Paul Ryan Urges Trump to Take Targeted Approach on Metals Tariffs -- 3rd Update
By Siobhan Hughes and William Mauldin
WASHINGTON -- House Speaker Paul Ryan on Tuesday urged the White House to take a tailored approach on trade that targets "true abusers" such as China, a day after he warned that President Donald Trump's plan to levy aluminum and steel tariffs world-wide could spark a trade war.
The president's announcement last week that he planned to impose the tariffs of 25% on steel and 10% on aluminum prompted worries among the congressional wing of the party that the move could provoke retaliation and hurt businesses that use steel and aluminum.
The president on Monday tied the move to negotiations over the North American Free Trade Agreement. He said the tariffs would stick until the U.S. had entered into a "new and fair" trade agreement with Mexico and Canada.
On the same day, Mr. Ryan said through a spokeswoman he was "extremely worried" about the consequences of a trade war and called on the White House "to not advance with this plan."
On Tuesday, the Wisconsin Republican said that while some trade was unfair, the U.S. would be better served to go after wrongdoers.
"There is clearly abuse occurring," Mr.
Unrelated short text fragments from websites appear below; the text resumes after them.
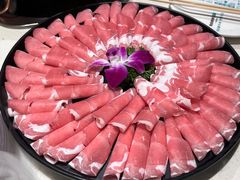 -阳坊胜利涮羊肉(阳坊总店)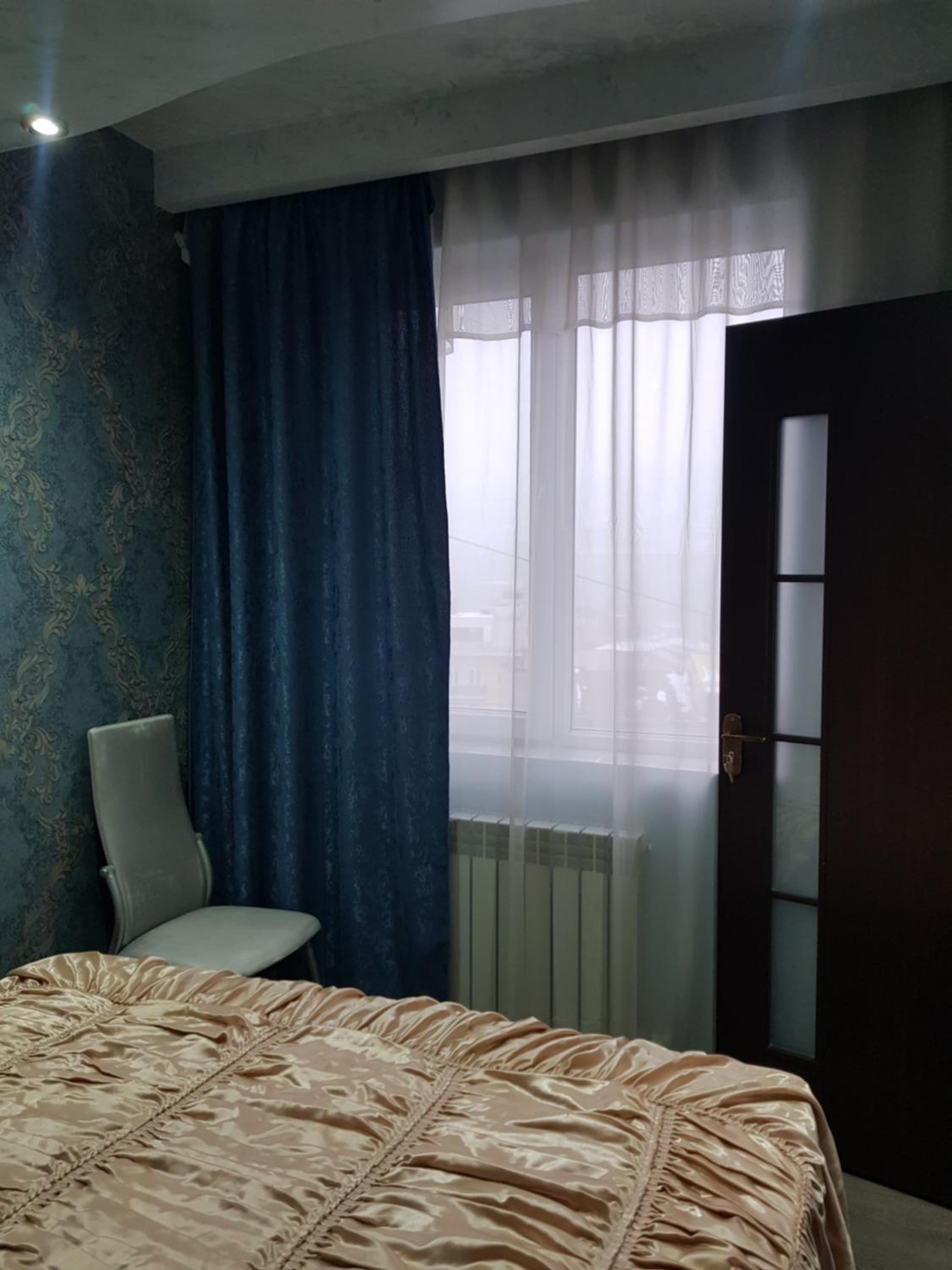 Luxury Apartment-3 in the Center of Yerevan, Safaryans Family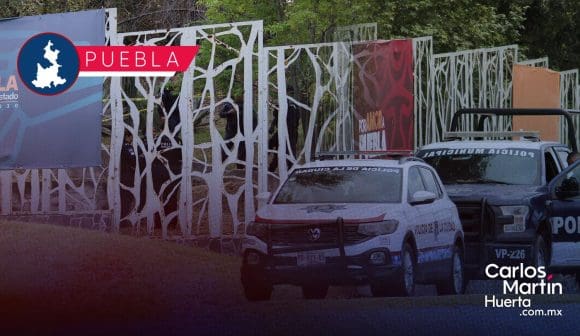 Hallan cadáver suspendido en un árbol en la zona de Los Fuertes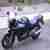 Suzuki GSXF600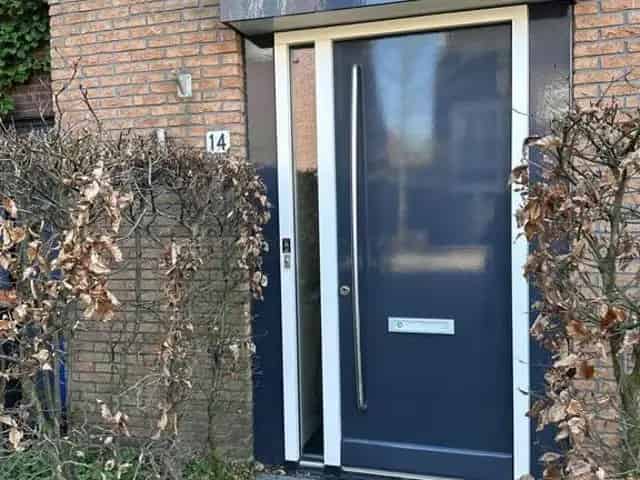 Ruime 6-kamer woning Vathorst te huur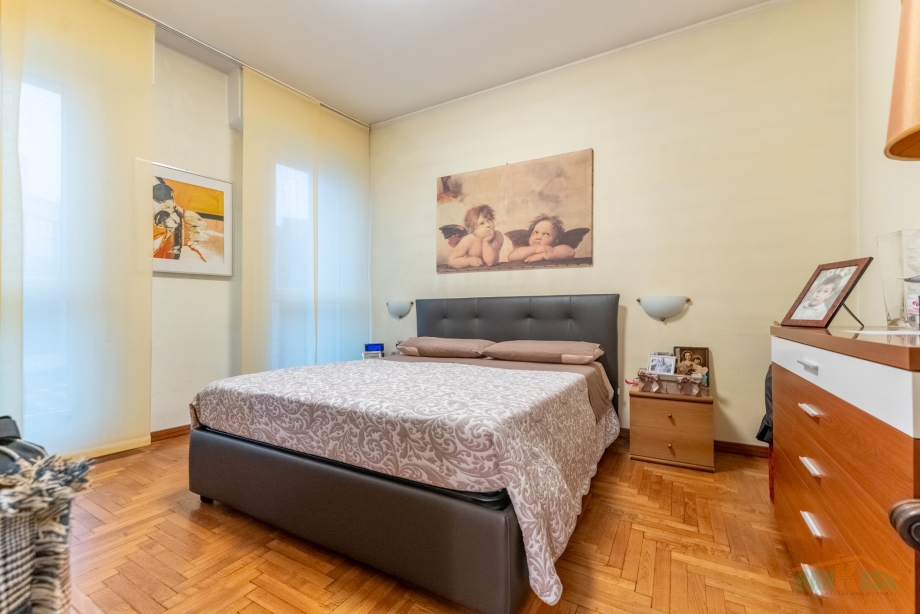 Appartamento in condominio di 3 locali MILANO di 103 mq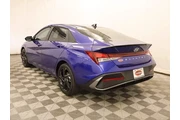 $21799 : Hyundai ELANTRA 2026 SEL Spo thumbnail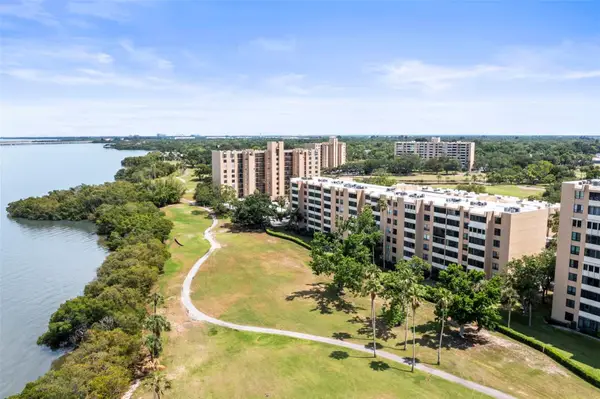 2617 Cove Cay Drive #206, CLEARWATER, FL 33760
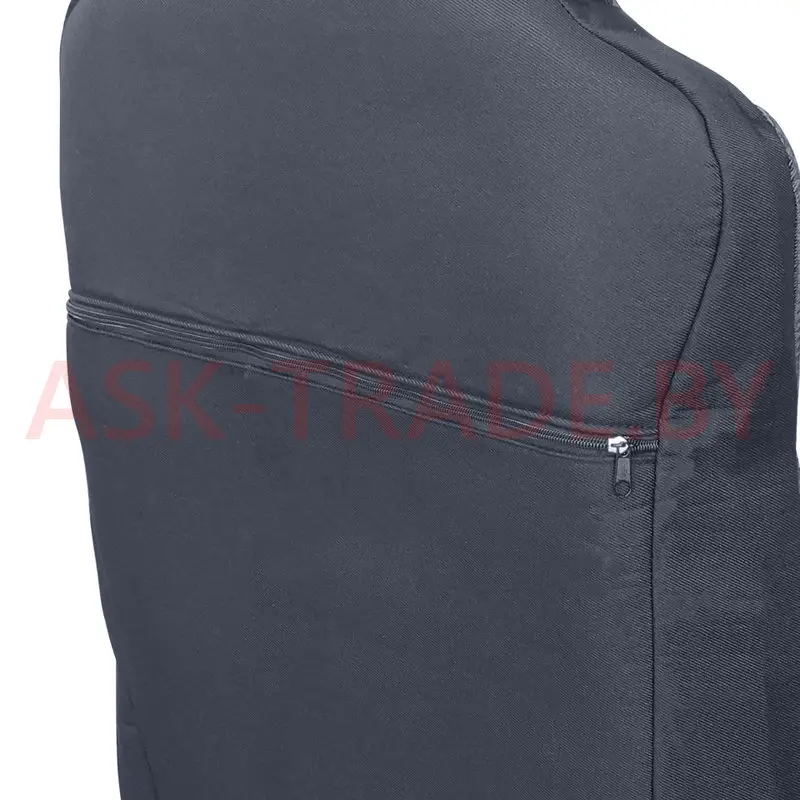 Чехлы на сиденья ЕВРО-МАЗ 5440 М9 Евро-6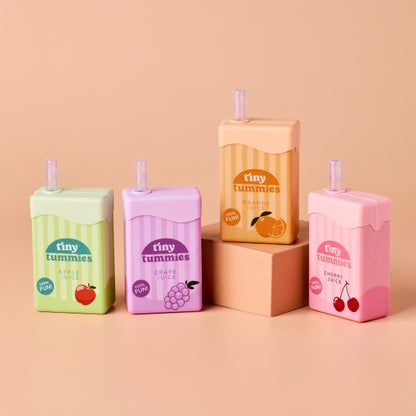 Tiny Harlow Alphabet Soup Lunch Pack – Puppen-Fütterungsset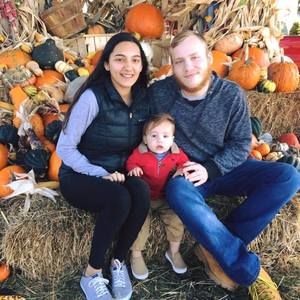 Meet your Posher, Steven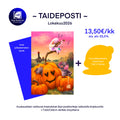 Taideposti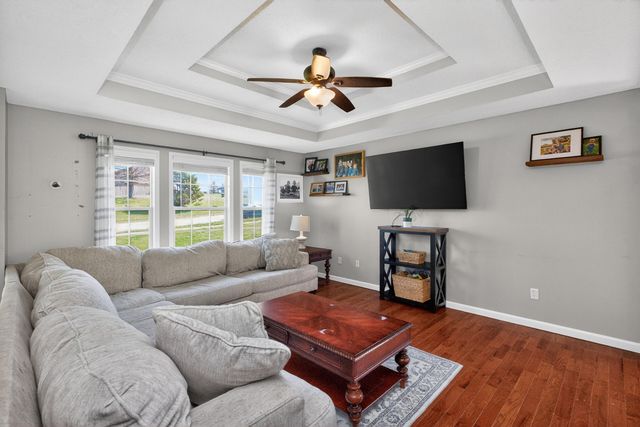 122 Saddlebrook Circle, Berea, KY 40403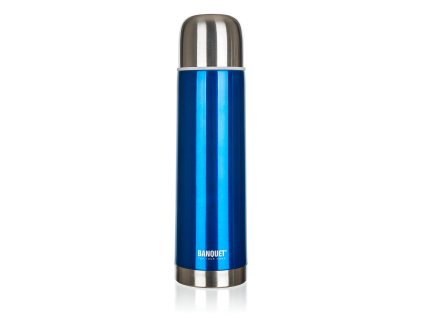 termoska 0,5l AVANZA nerez MO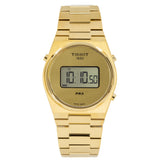 Tissot Uomo T137.463.33.020.00 PRX Digital 40 mm Quarzo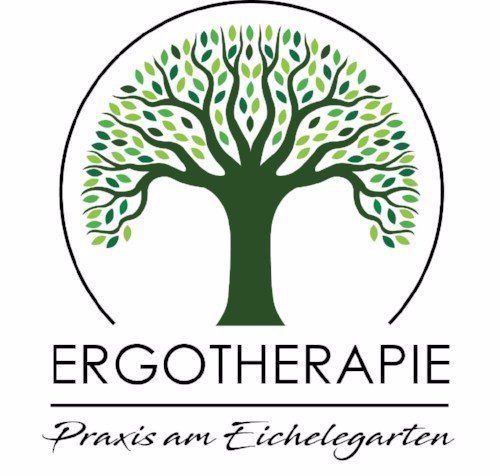 Logo Ergotherapie Praxis am Eichelegarten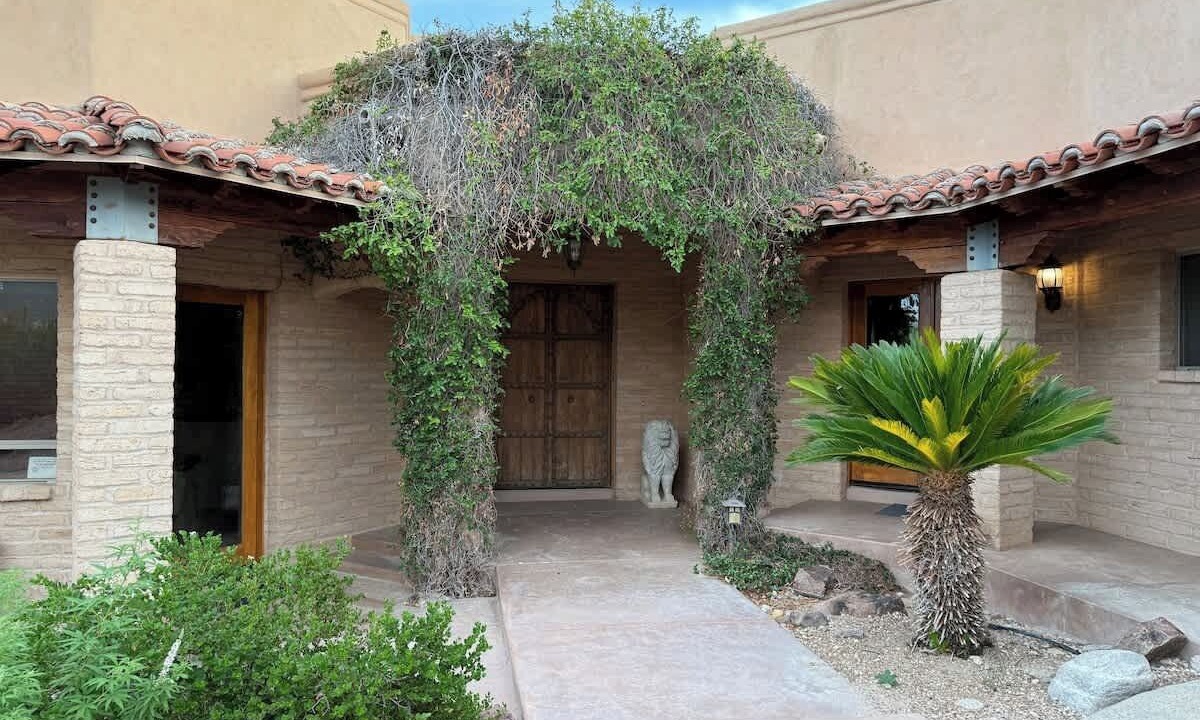 Photo of Outdoor in Catalina Foothills Estates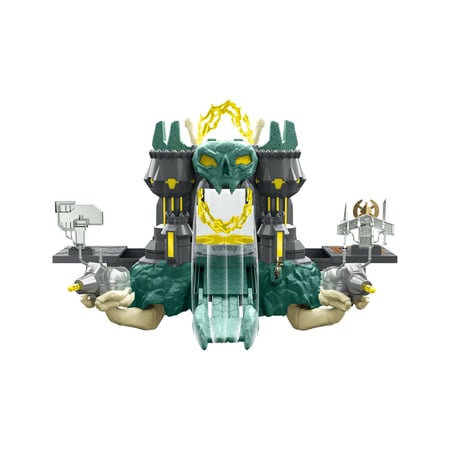 Les Maîtres de l'Univers 2022 - Castle Grayskull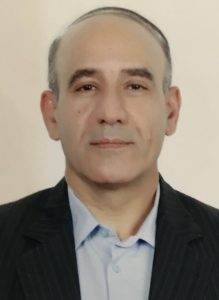 دکتر منصور مصباح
Ryan told reporters. "Clearly, there is overcapacity dumping in trans-shipping of steel and aluminum by some countries, particularly China, but I think the smarter way to go is to make it more surgical or more targeted."
Also on Tuesday, Treasury Secretary Steven Mnuchin said that the proposed tariffs wouldn't apply to Mexico and Canada if the countries hammer out a deal on a new version of Nafta. The comments echoed the approach taken by U.S. trade representative Robert Lighthizer at the conclusion of Nafta talks Monday in Mexico City. Mr. Trump said the tariffs would be completed this week, but it is unclear when the U.S., Canada and Mexico could achieve a deal on a Nafta overhaul
Many lawmakers have called for U.S. allies to be excluded from the import tariffs, and some want certain metal products, including those not produced in the U.S., to be exempted.
Mr. Ryan detailed his preferred approach one day after the House had returned from a weekend break. Many House Republicans on Monday night called for a more targeted approach to tariffs, with some saying that tariffs should apply to countries that abuse the system and others saying that the U.S. should impose tariffs only on narrow classes of metals, such as finished products.
"We are extremely worried about the consequences of a trade war and are urging the White House to not advance with this plan," AshLee Strong, a spokeswoman for Mr. Ryan, said on Monday. "The new tax reform law has boosted the economy and we certainly don't want to jeopardize those gains."
On Tuesday, Mr. Ryan wasn't asked about what sort of legislative options might be available to Congress should Mr. Trump refuse to back down. Congressional Republicans haven't ruled out potential legislative action aimed at blocking metals tariffs, according to a Republican familiar with the matter.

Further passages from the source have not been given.